** Opening Records to use block **
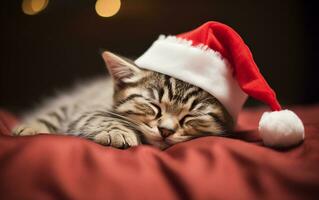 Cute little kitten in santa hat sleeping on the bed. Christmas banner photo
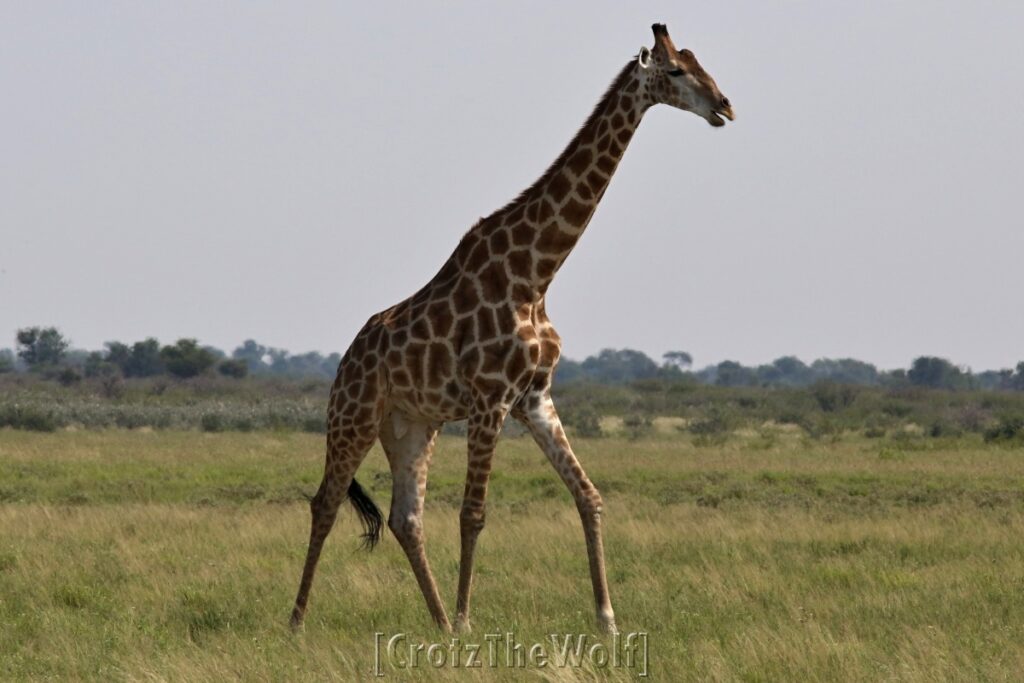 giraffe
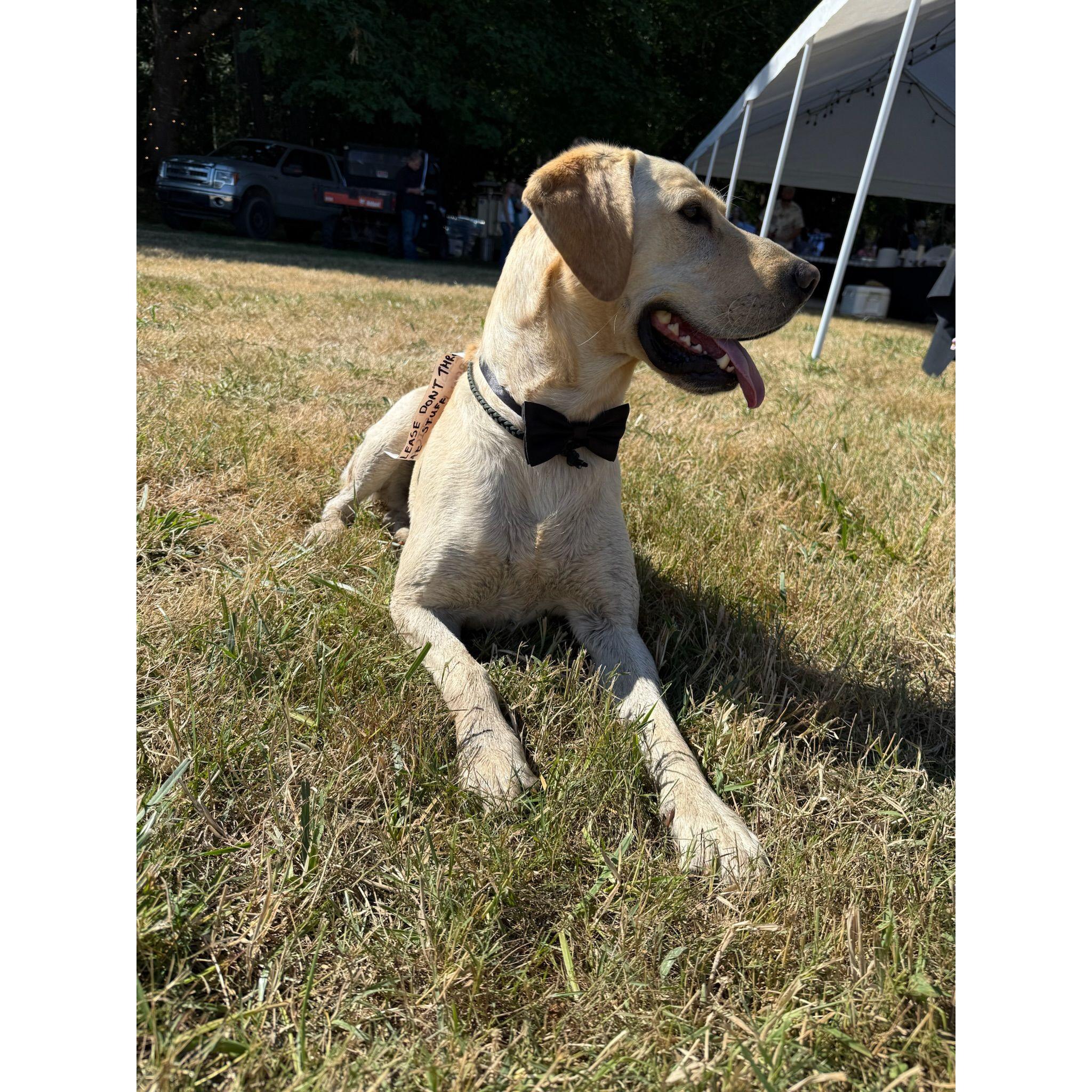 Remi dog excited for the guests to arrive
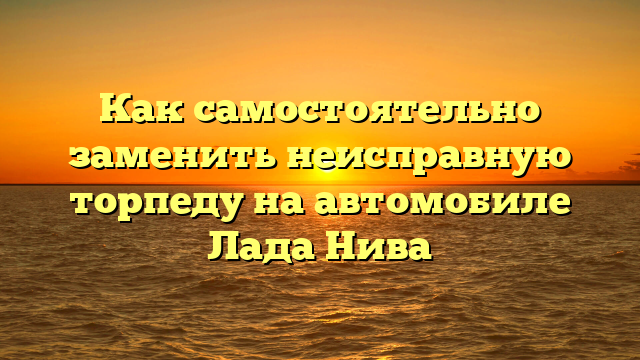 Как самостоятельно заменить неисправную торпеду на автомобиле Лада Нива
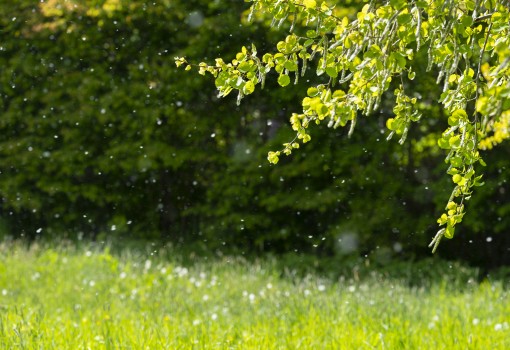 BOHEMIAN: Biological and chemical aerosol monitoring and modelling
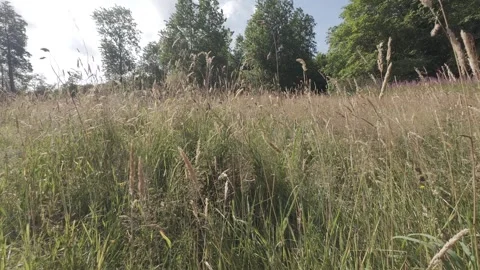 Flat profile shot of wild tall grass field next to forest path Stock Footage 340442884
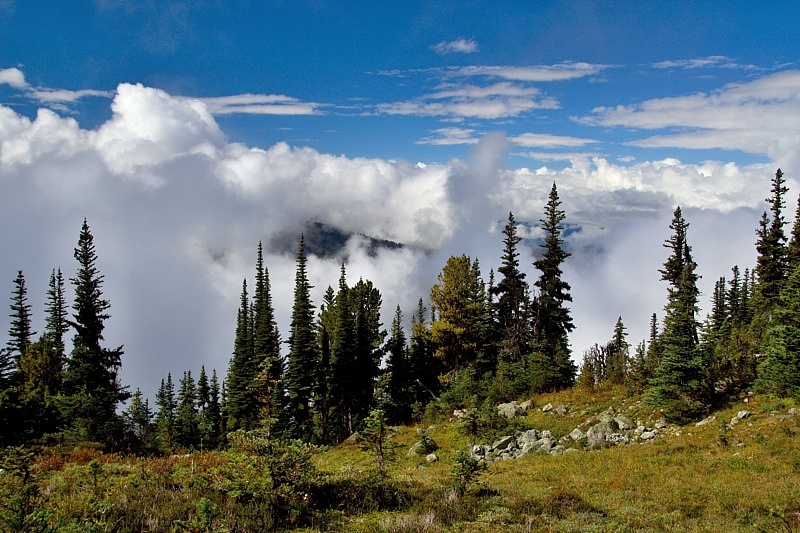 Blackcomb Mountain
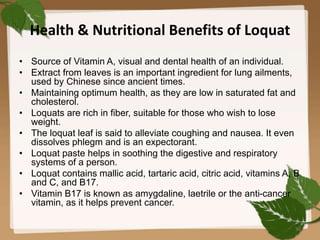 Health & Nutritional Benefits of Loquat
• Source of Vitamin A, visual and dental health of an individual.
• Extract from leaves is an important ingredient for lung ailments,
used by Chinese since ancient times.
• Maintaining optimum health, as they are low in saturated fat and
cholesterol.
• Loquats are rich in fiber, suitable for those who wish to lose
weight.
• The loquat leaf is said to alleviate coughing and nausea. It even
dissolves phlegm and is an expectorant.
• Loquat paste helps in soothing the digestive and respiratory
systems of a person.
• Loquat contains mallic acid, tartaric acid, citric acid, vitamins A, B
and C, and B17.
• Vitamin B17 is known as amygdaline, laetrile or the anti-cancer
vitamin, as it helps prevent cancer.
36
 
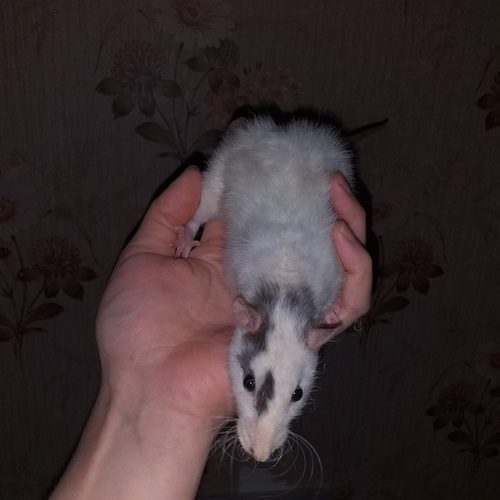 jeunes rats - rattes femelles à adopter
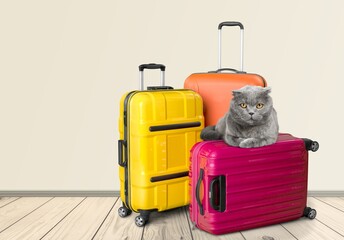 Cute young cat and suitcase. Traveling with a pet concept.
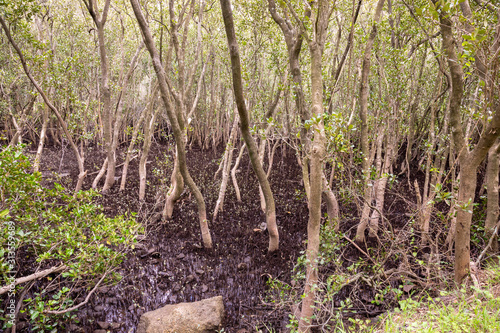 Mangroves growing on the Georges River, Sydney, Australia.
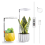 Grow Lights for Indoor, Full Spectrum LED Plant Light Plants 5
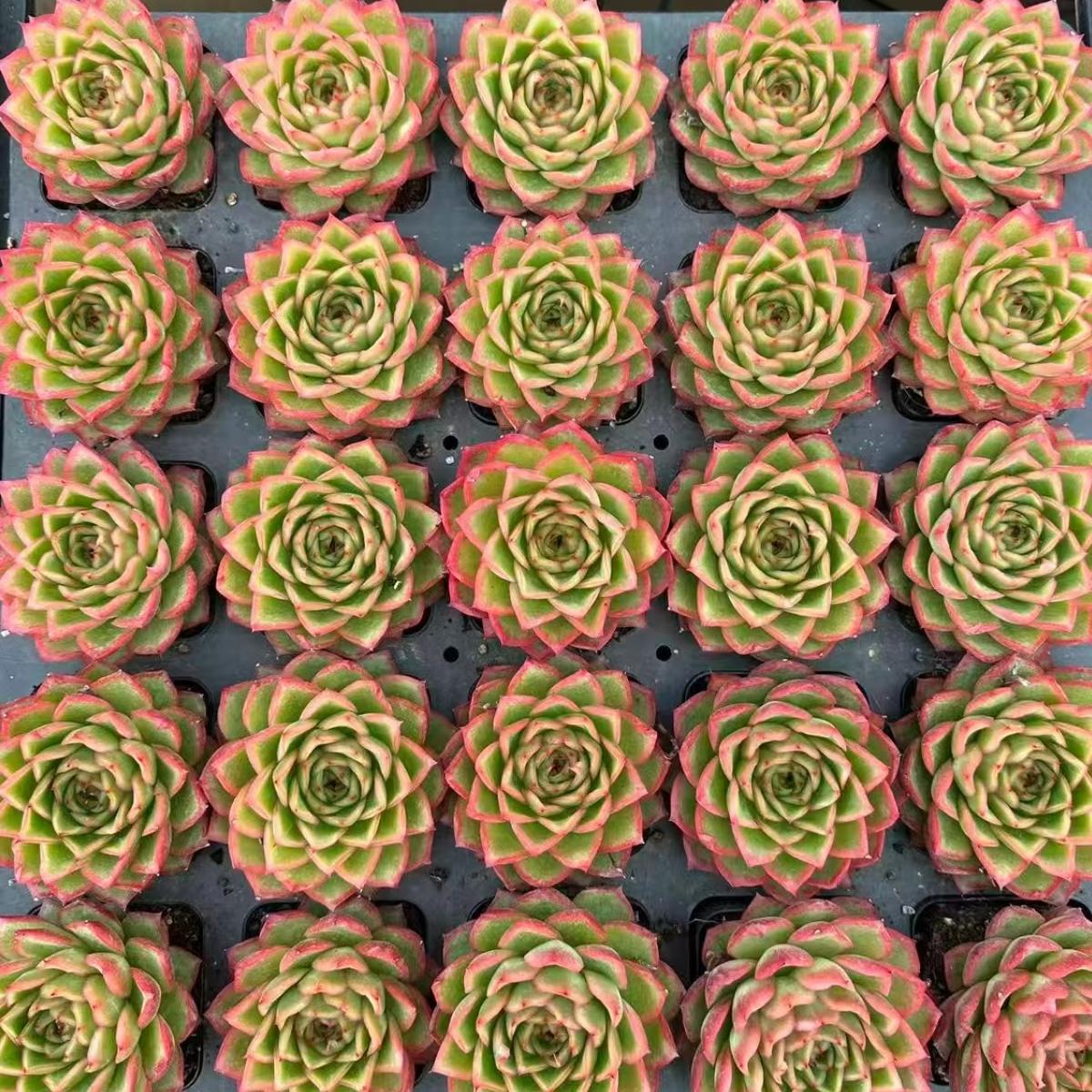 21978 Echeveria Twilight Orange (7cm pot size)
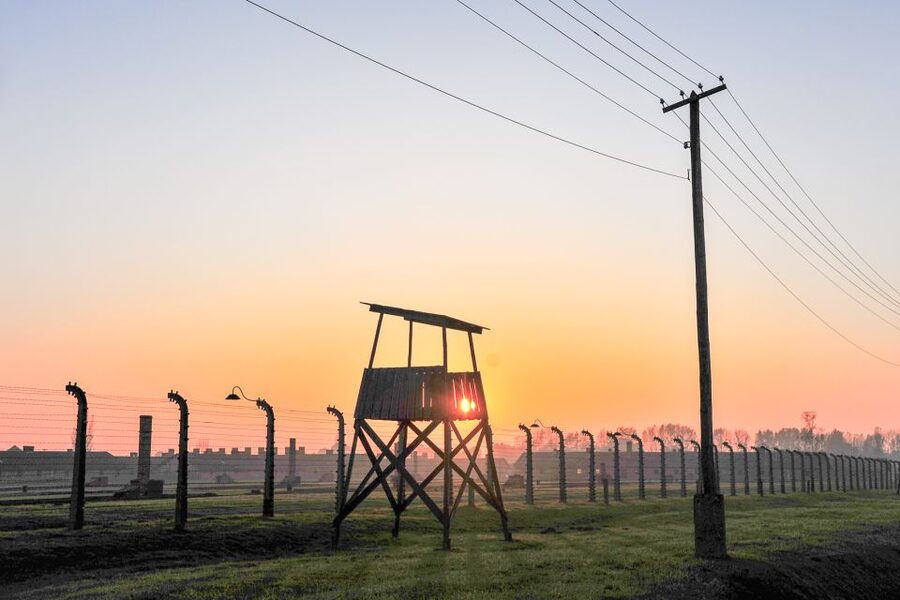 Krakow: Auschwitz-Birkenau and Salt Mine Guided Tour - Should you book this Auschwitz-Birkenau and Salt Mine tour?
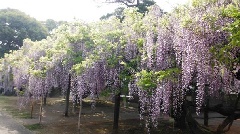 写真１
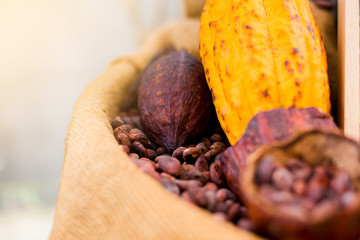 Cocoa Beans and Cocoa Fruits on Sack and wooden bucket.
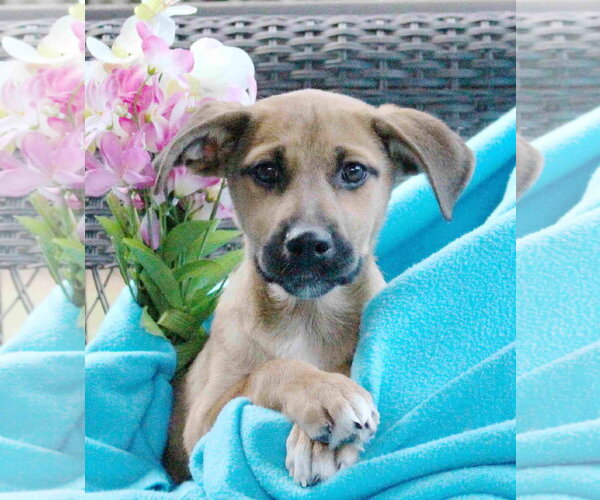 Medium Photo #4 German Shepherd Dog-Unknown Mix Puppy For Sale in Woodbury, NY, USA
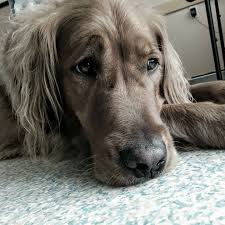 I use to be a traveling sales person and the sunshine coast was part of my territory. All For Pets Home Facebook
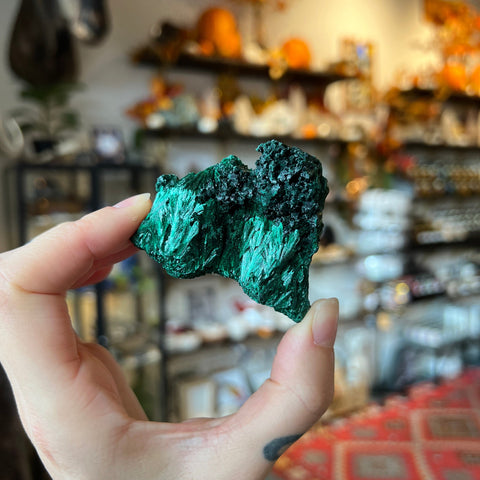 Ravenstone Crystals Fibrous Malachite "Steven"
** Closing Records to use block **
Reproduce all of the entries above word for word, but leave out their pictures.

 Cute little kitten in santa hat sleeping on the bed. Christmas banner photo
 giraffe
 Remi dog excited for the guests to arrive
 Как самостоятельно заменить неисправную торпеду на автомобиле Лада Нива
 BOHEMIAN: Biological and chemical aerosol monitoring and modelling
 Flat profile shot of wild tall grass field next to forest path Stock Footage 340442884
 Blackcomb Mountain
 Health & Nutritional Benefits of Loquat
• Source of Vitamin A, visual and dental health of an individual.
• Extract from leaves is an important ingredient for lung ailments,
used by Chinese since ancient times.
• Maintaining optimum health, as they are low in saturated fat and
cholesterol.
• Loquats are rich in fiber, suitable for those who wish to lose
weight.
• The loquat leaf is said to alleviate coughing and nausea. It even
dissolves phlegm and is an expectorant.
• Loquat paste helps in soothing the digestive and respiratory
systems of a person.
• Loquat contains mallic acid, tartaric acid, citric acid, vitamins A, B
and C, and B17.
• Vitamin B17 is known as amygdaline, laetrile or the anti-cancer
vitamin, as it helps prevent cancer.
36
 
 jeunes rats - rattes femelles à adopter
 Cute young cat and suitcase. Traveling with a pet concept.
 Mangroves growing on the Georges River, Sydney, Australia.
 Grow Lights for Indoor, Full Spectrum LED Plant Light Plants 5
 21978 Echeveria Twilight Orange (7cm pot size)
 Krakow: Auschwitz-Birkenau and Salt Mine Guided Tour - Should you book this Auschwitz-Birkenau and Salt Mine tour?
 写真１
 Cocoa Beans and Cocoa Fruits on Sack and wooden bucket.
 Medium Photo #4 German Shepherd Dog-Unknown Mix Puppy For Sale in Woodbury, NY, USA
 I use to be a traveling sales person and the sunshine coast was part of my territory. All For Pets Home Facebook
 Ravenstone Crystals Fibrous Malachite "Steven"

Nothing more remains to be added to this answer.